Minimal Complete Verifiable Example:

import pandas as pd
import dask.dataframe as dd
import fastparquet
import dask
from os import remove

def containsall(arr, elems):
    return all([e in arr for e in elems])

print(dask.__version__, fastparquet.__version__)
# OUT: 2022.01.1 0.8.0

df = pd.DataFrame([
    ('A', 'B', 1),
    ('A', 'C', 3),
], columns=['group1', 'group2', 'value'])

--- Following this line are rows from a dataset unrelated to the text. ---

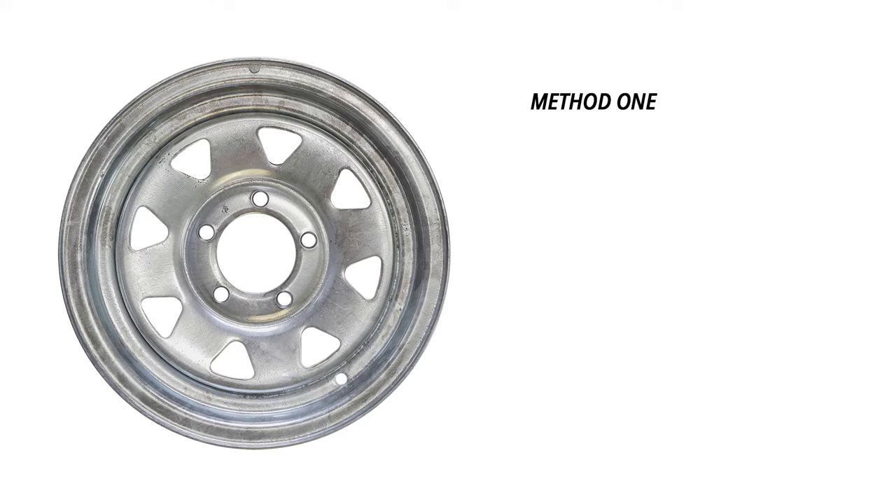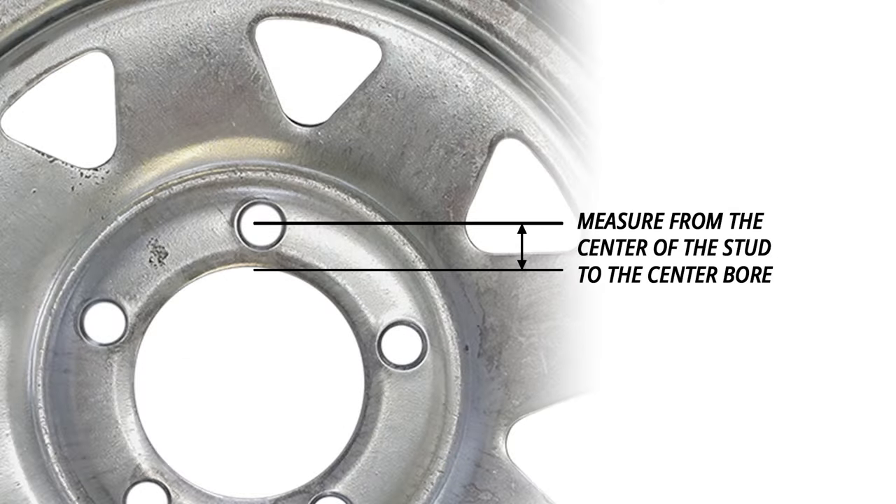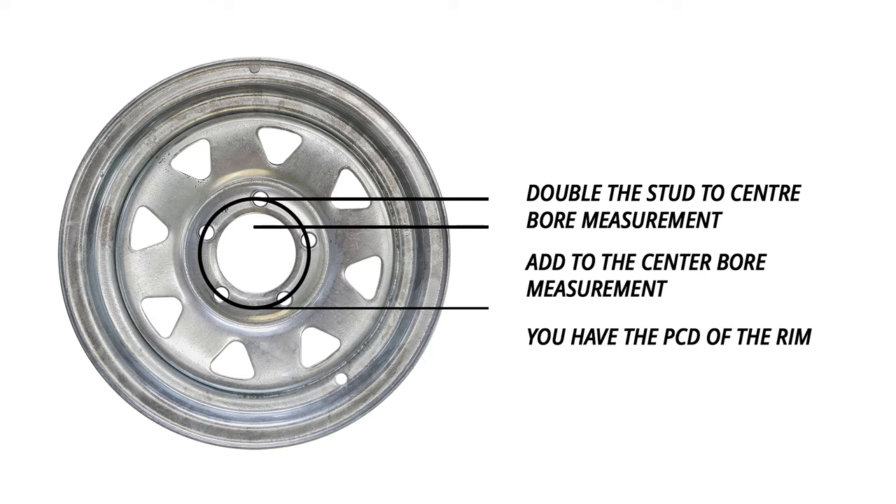Method 1. First, we'll measure the centre ball, then we'll measure the centre of one stud to the centre ball. If we double our stud hole to the ball measurement and then add that to the centre ball, we'll have our PCD.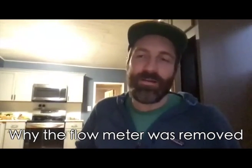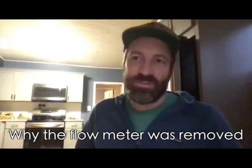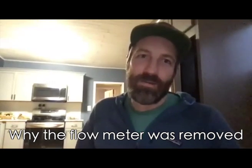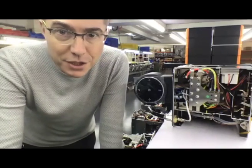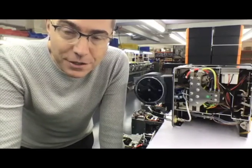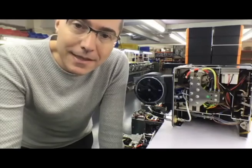On the removal of the flow meter — is the firmware just ignoring the flow meter on older machines now, or is that still being used? The flow meter was never actually used. It was something that we put in the machine on the assumption that we would eventually want to use it, or at the very least, calibrate.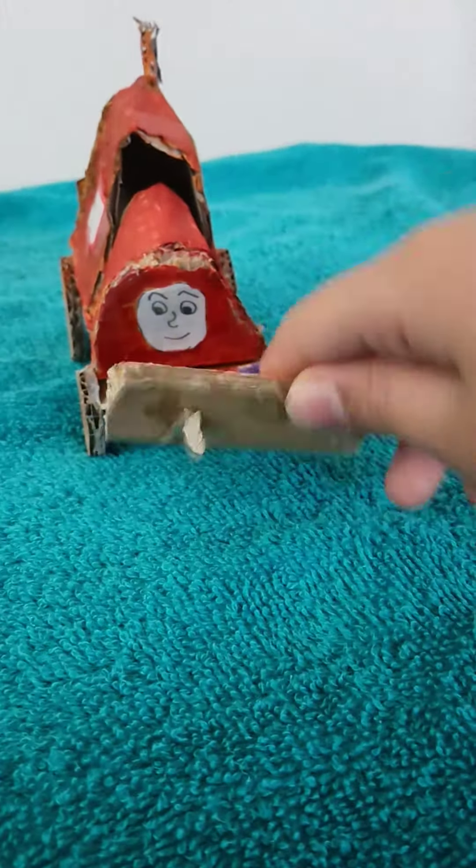Here's his front, the side, the other side, the back. I drew his face and his loader could move.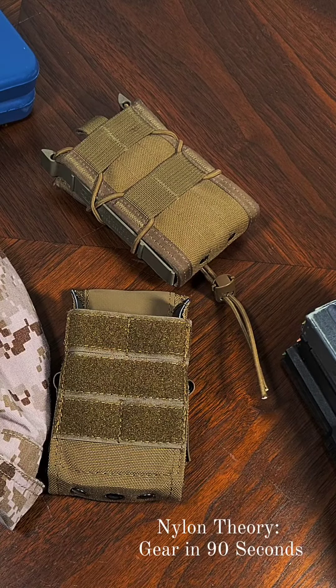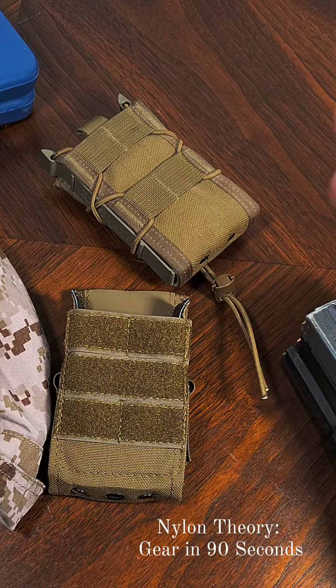The TACO needs no introduction. This pouch is standard issue with Marine Corps active duty combat arms units for a reason. It works well, supports a wide variety of magazines, and it supports both rounds-up and rounds-down magazine placement for differentiating between fully loaded and half-loaded magazines.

dd.from_pandas(df, npartitions=1).to_parquet(
    'test', 
    partition_on=['group1', 'group2'], 
    engine='fastparquet',
    write_metadata_file=False, # metadata NOT written
    overwrite=True,
    append=False,
)

# engine = 'pyarrow'
engine='fastparquet'
from_dd = dd.read_parquet('test', engine=engine)
from_pd = pd.read_parquet('test', engine=engine)
expected = ['group1', 'group2', 'value']

assert(containsall(from_pd.columns, expected))
assert(containsall(from_dd.columns, expected)) # fails

print('Success')

Anything else we need to know?: I've also tried specifying the columns to load in the columns argument, but that returns an error:

ValueError: The following columns were not found in the dataset {'group1'}
The following columns were found Index(['value', 'group2'], dtype='object')

Environment:

martindurant commented 2 years ago

duplicate of https://github.com/dask/dask/issues/8666 ?

dakenblack commented 2 years ago

Hi @martindurant, thankls for your response but I don't think it is a duplicate because

I've also further minimised my example.

I've also noticed, that only the partitioned columns with a single value are missing. If for example I changed my dataset to the one below, my code succeeds.

df = pd.DataFrame([
    ('A', 'B', 1),
    ('A', 'C', 3),
    ('B', 'C', 3),
], columns=['group1', 'group2', 'value'])
martindurant commented 2 years ago

@rjzamora , the fp engine allows a base_path argument to be able to infer the top of the parquet dataset tree correctly for this case, but I don't see how to pass it via dd.read_parquet.

martindurant commented 2 years ago

The situation is, that the root of the parquet dataset is not obvious in the case that there is no _metadata, and the top level of partitioning only has one option.

rjzamora commented 2 years ago

the fp engine allows a base_path argument to be able to infer the top of the parquet dataset tree correctly for this case, but I don't see how to pass it via dd.read_parquet.

This seems like the kind of thing I was hoping 8765 could help us with.